Post-service claim:a claim for a benefit that is not a pre-service claim.

30 calendar days

Review provided by Aetna personnel not involved in making the adverse benefit determination.

30 calendar days

Review provided by Appeals Committee.

External review of Aetna’s final appeal determinations

The external review process is expanded to apply with respect to any adverse determination by a plan or issuer under the CAA, including grandfathered plans, and with respect to any item or service to which the No Surprises Act applies.

 If the Level One and Level Two appeals uphold the original adverse benefit determination, you may have the right to pursue an external review of your claim.

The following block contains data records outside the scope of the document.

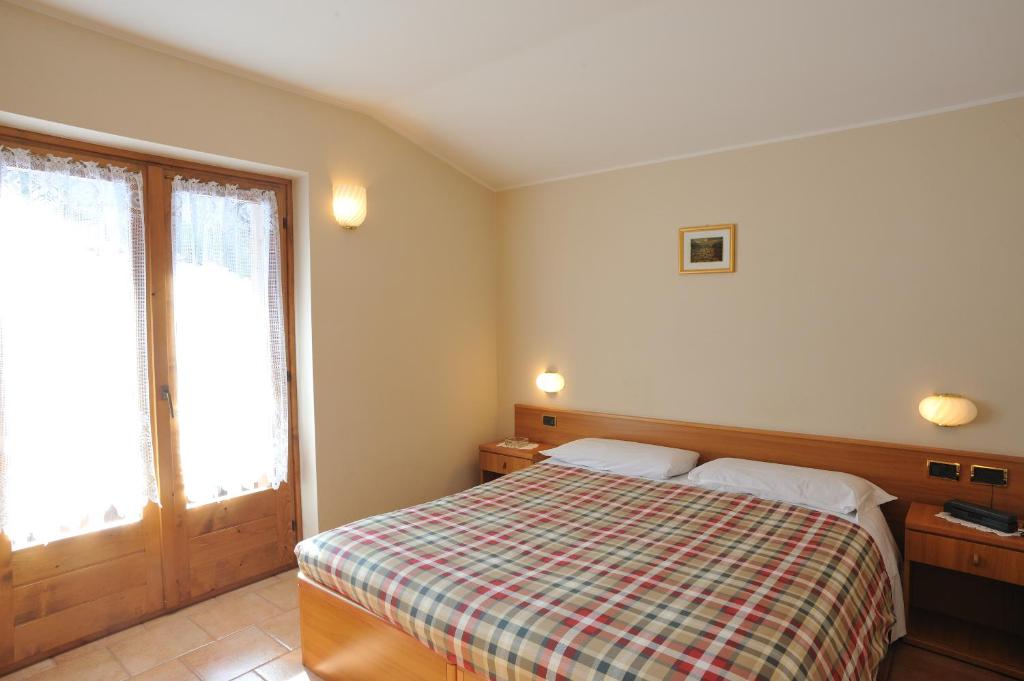 Postel nebo postele na pokoji v ubytování Hotel Ristorante San Pietro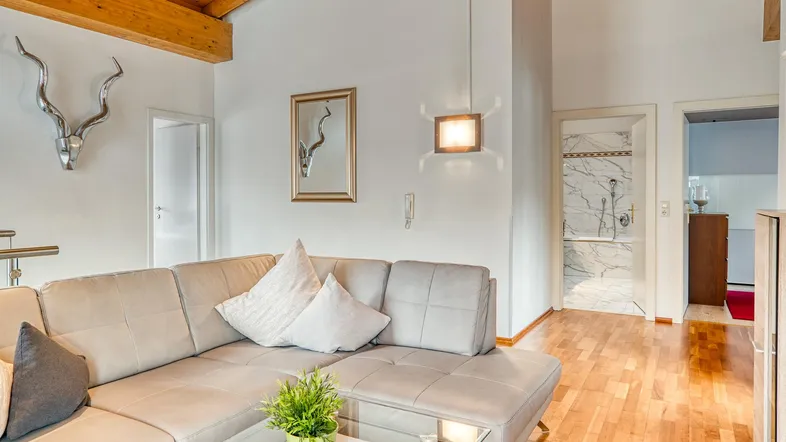 Helles Wohnzimmer mit beigem Sofa, Holzbalkendecke und Parkettboden, mit Blick auf ein Badezimmer.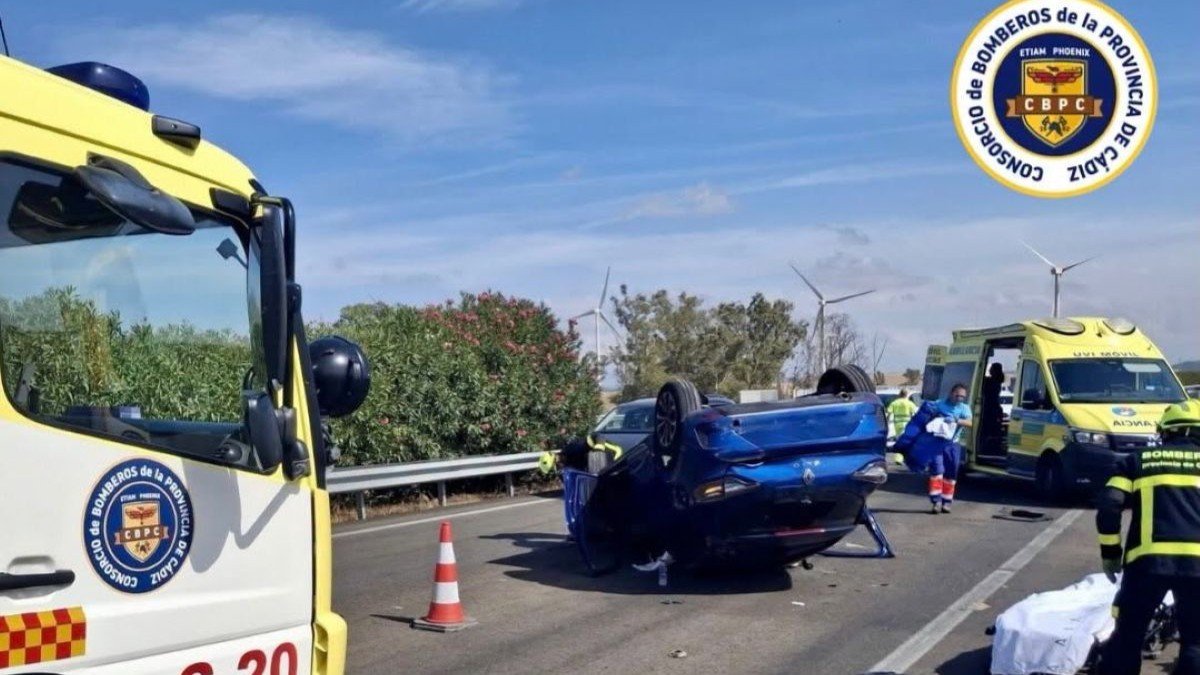 Fotografía que muestra la escena de un accidente de tráfico en una carretera. Un coche azul está volcado sobre su techo en el centro de la imagen. A la izquierda, el lateral de un camión de bomberos con la inscripción "S-20" y el logotipo del Consorcio de Bomberos de la Provincia de Cádiz. Al fondo, a la derecha, una ambulancia y varios bomberos atendiendo a una persona en una camilla.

An external review is a review by an independent physician, with appropriate expertise in the area at issue, of claim denials and denials based upon lack of medical necessity, a rescission of coverage, or an adverse determination for surprise bills (medical and air ambulance bills, including a determination of whether an adverse determination is subject to surprise billing provisions) or the experimental or investigational nature of a proposed service or treatment. You may request a review by an external review organization (ERO) if

  • You have received notice of the denial of a claim by Aetna, and
  • Your claim was denied because Aetna determined that the care was not medically necessary or was experimental or investigational, and

You must submit the Request for External Review Form to Aetna within four months of the date you received the final claim denial letter. The form must be accompanied by a copy of the final claim denial letter and all other pertinent information that supports your request.

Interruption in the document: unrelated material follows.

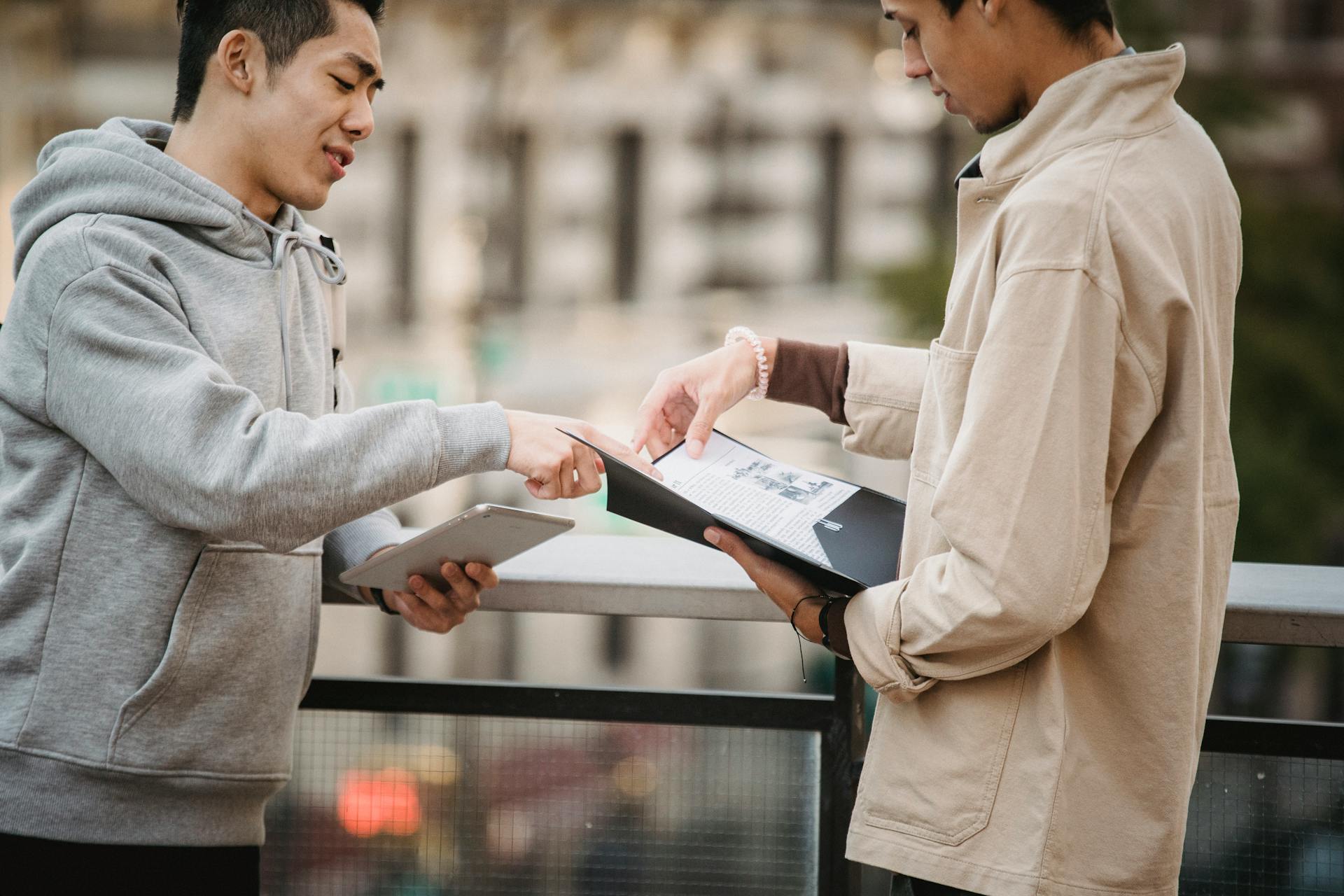 Side view of young diverse male students in casual clothes standing on street with tablet and papers in folder and speaking about home task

Aetna will contact the External Review Organization that will conduct the review of your claim. The External Review Organization will select an independent physician with appropriate expertise to perform the review. In rendering a decision, the external reviewer may consider any appropriate credible information submitted by you with the Request for External Review Form, and will follow the applicable plan’s contractual documents and plan criteria governing the benefits. You will generally be notified of the decision of the External Review Organization within 45 days of Aetna’s receipt of your request form and all necessary information. An expedited review is available if your physician certifies (by telephone or on a separate Request for External Review Form) that a delay in receiving the service would jeopardize your health. Expedited reviews are decided within 3-5 calendar days after Aetna receives the request.

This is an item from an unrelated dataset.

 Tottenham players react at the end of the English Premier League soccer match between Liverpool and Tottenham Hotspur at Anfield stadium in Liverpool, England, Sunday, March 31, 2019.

You are responsible for the cost of compiling and sending the information that you wish to be reviewed by the External Review Organization to Aetna. Aetna is responsible for the cost of sending this information to the External Review Organization.

Nonalienation of Benefits

No benefit, right or interest of any Covered Person under the Plan shall be subject to anticipation, alienation, sale, transfer, assignment, pledge, encumbrance, charge, garnishment, execution or levy of any kind, either voluntary or involuntary, including any liability for, or subject to, the debts, liabilities or other obligations of such person; and any attempt to anticipate, alienate, sell, transfer, assign, pledge, encumber, charge, garnish, execute or levy upon, or otherwise dispose of any right to benefits payable hereunder or legal causes of action, shall be void.  Notwithstanding the foregoing, the Plan may choose to remit payments directly to health care providers with respect to covered services, if authorized by the Covered Person, but only as a convenience to Covered Persons.  Health care providers are not, and shall not be construed as, either “participants” or “beneficiaries” under this Plan and have no rights to receive benefits from the Plan or to pursue legal causes of action on behalf of (or in place of) Covered Persons under any circumstances.

Uncashed Checks 

If a check to a Participant for benefits under the Plan remains uncashed for 5 years after issue, amounts attributable to such check shall remain in the Plan until the time the participant has requested these funds

The provision in this SPD is deemed to be notice to any and all individuals to whom notice may be required, and no additional notice of the above provisions is needed for a provider or otherwise.